Bafta TV awards: only the famous, murdered or kidnapped need apply

Sheridan Smith in Cilla.
Sheridan Smith has been nominated for her role in ITV’s Cilla. Photograph: McPix Ltd/REX

The best advice to anyone hoping to inspire a TV drama is to become famous or suffer kidnap or murder.

Of the 28 Bafta nominations in the drama, performance and production categories, all but one have gone to crime stories or biopics. Even the exception, Our World War, is based on the real-life stories of men killing each other in the trenches.

Some contenders even achieve the double of biography and a link with homicide. Jason Watkins, a long underrated character actor, is nominated for leading actor for his impressively unsentimental depiction of Christopher Jefferies, the Bristol landlord falsely accused of murdering his tenant, Joanna Yeates. Leading actress nominee Georgina Campbell’s character in Murdered by My Boyfriend was closely modelled on a fatality from domestic violence.

The Bafta jurors cannot be accused of always honouring solemnity. Two of the real-life stories up for awards are inspiring and heartwarming – Sheridan Smith’s visually and musically pitch-perfect Cilla Black for ITV’s Cilla, and Toby Jones’s embodiment of Neil Baldwin, who overcame serious learning difficulties to become a significant figure in academia, football and Anglicanism, in BBC2’s Marvellous.

But what the academy risks overlooking is comic or uplifting fictional characters who do not kill each other. For example, there is nothing for Sally Wainwright’s late-love comedy Last Tango in Halifax, with judges seemingly preferring the writer’s other more morbid Sarah Lancashire drama, Happy Valley.

Admittedly, last year’s schedules were exceptionally rich in high-class thrillers, with the result that even some of those failed to make the cut.

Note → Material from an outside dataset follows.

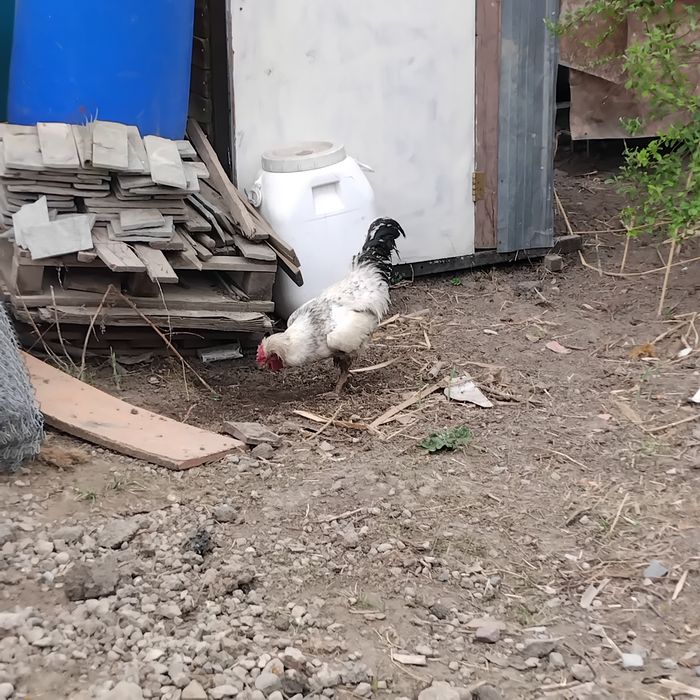 Үкілі қораз сатылады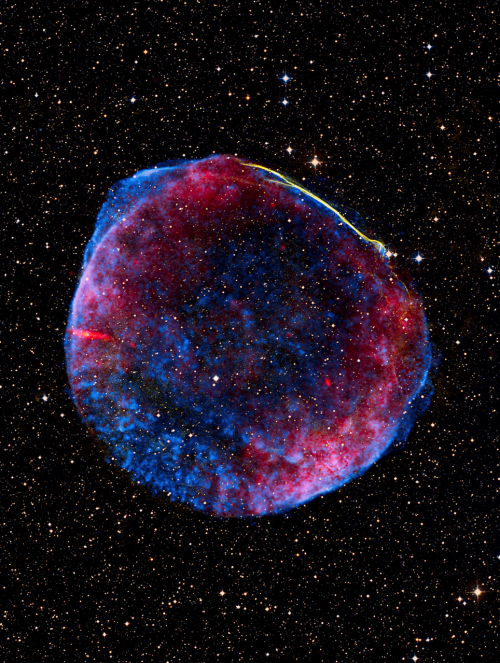 astronomicalwonders:  The Guest Star - Super Nova Remnant SN 1006 This beautiful structure is the result of a violent explosion that happened thousands of years ago. This remnant is located 7,200 light-years away in the constellation Lupus. In the year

Gillian Anderson’s Belfast cop show The Fall seems to have suffered – rightly, in my view – for controversy over alleged misogyny. It’s sadder, though, to see so little recognition for Hugo Blick’s The Honourable Woman, a conspiracy thriller based around the Arab-Israeli conflict.

Last summer, I was convinced that Maggie Gyllenhaal’s lead performance would create an unenviable head-to-head-scratcher for jurors required to separate her from Lancashire in Happy Valley and Keeley Hawes in Jed Mercurio’s searing police procedural Line of Duty. Yet Gyllenhaal has not even made the shortlist.

With the next government due to renegotiate the BBC charter and licence fee, it looks embarrassing that the corporation has nothing at all shortlisted in specialist factual, a genre seen as defining public service broadcasting.

That wound will sting even more because Sir David Attenborough, one of the BBC’s greatest broadcasters, gets a nod in that section for Conquest of the Skies 3D, made for Sky.

Despite all the speeches from the BBC director general, Tony Hall, about prioritising arts coverage, Channel 4 provides both contenders from that genre, including Grayson Perry’s superb portrait series Who Are You?

Some consolation is that the BBC’s much-admired Wolf Hall falls into the 2016 Baftas and can be expected to figure heavily then, when, as a period piece, it should at least provide some variety among the current dominance of crime and biographical stories.

Although, on reflection, Henry VIII – a famous Briton who was a serial killer of women – can be considered the ideal Bafta-friendly character.